I think the moral of this sort of absurd stunt is that those involved don’t actually take sexual sin seriously. They apparently have been more influenced by the sexual revolution than they realize. I believe in the forgiveness of sins. I believe truly evil people can change—I’ve seen it happen. But I’ll believe that pastor can restore virginity when I see him restore a drunkards liver, bring back a murderers victims from the dead, and put money that has been wasted back into people’s bank accounts. Sin can really be forgiven—and God can truly restore the years the locusts have eaten—but the temporal consequences don’t simple disappear. No reasonable person makes this claim for other sins that serious—and no one who makes this claim for this one is a reasonable person.

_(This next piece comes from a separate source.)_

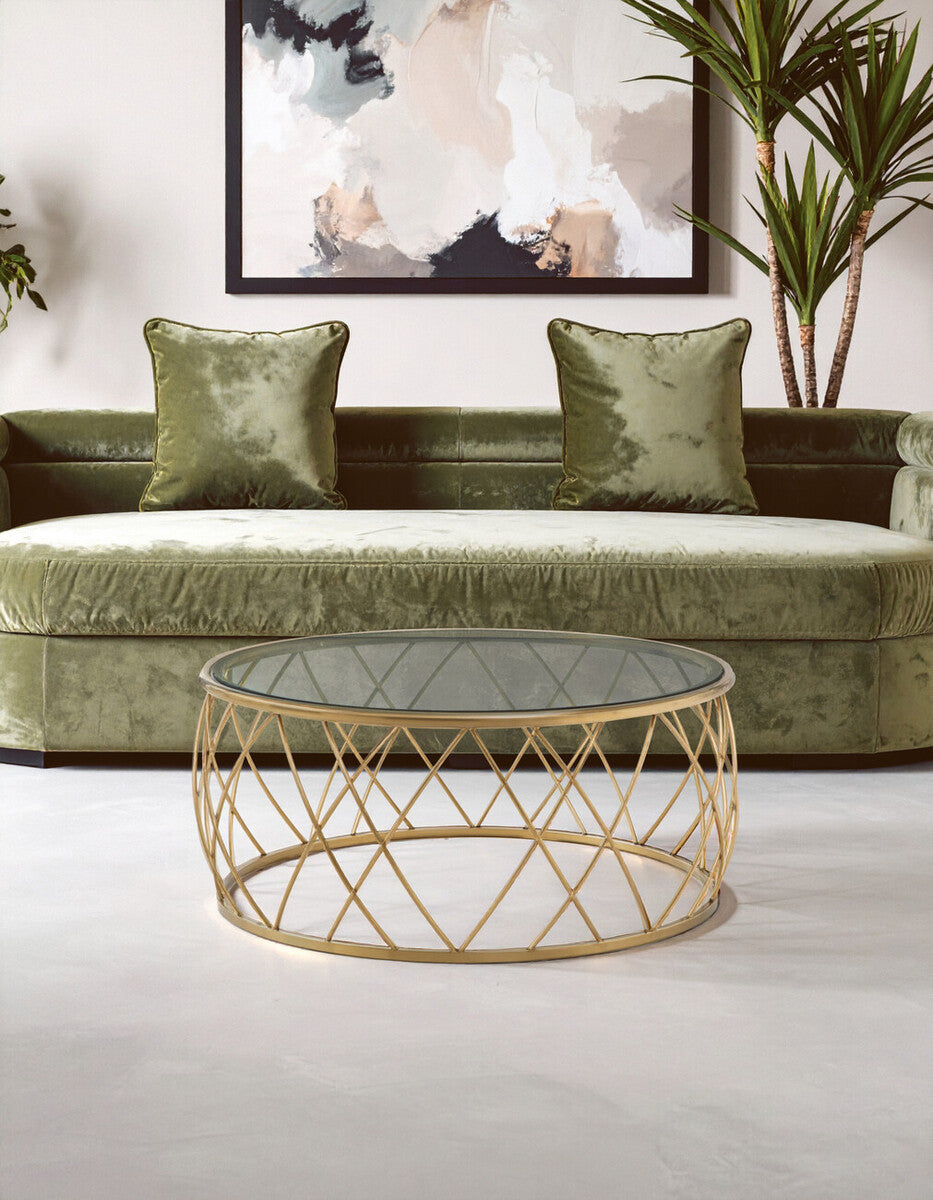 Orsina Ackley Round Gold Coffee Table with Tempered Clear Glass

Good night, that is *insane.* If I was writing a satirical work on the topic of how the evangelical establishment has tended to treat men's sin and women's sin, I would avoid including anything close to that as too unbelievable.
What university was this?
(As a side note, if someone who was promiscuous in the past demonstrates genuine contrition and changed behavior, it would be unfair to judge them for what they were rather than what they are. On the other hand, my name isn't Hosea. IKYKY.)
I taught at Louisiana Christian University.
The advice I've given young men is that there is no biblical right for any woman to be married and no preacher should ever tell them they're obligated to adopt a person's children by another father. If they are uneasy about a woman's past, they have a right to not have baby-daddy drama or past partner poison in their marriage.
I think you're in the minority insofar as Christian people with authority are concerned. There is so much shaming and pressuring of men, and of course none of women.
Like, yeah, I'm in my early 30s. Statistically I will probably have to marry a divorcee and/or one of those types of women. But good grief don't tie it to my Christian walk or act like I'm some no account loser or playboy for not being married yet. Not like I or any of the *many* other Christian men (and boy howdy I know a decent number in my personal life) wanted life to play out like this.
Just when I thought I was out…
I mean bless you for not just dumping on young men.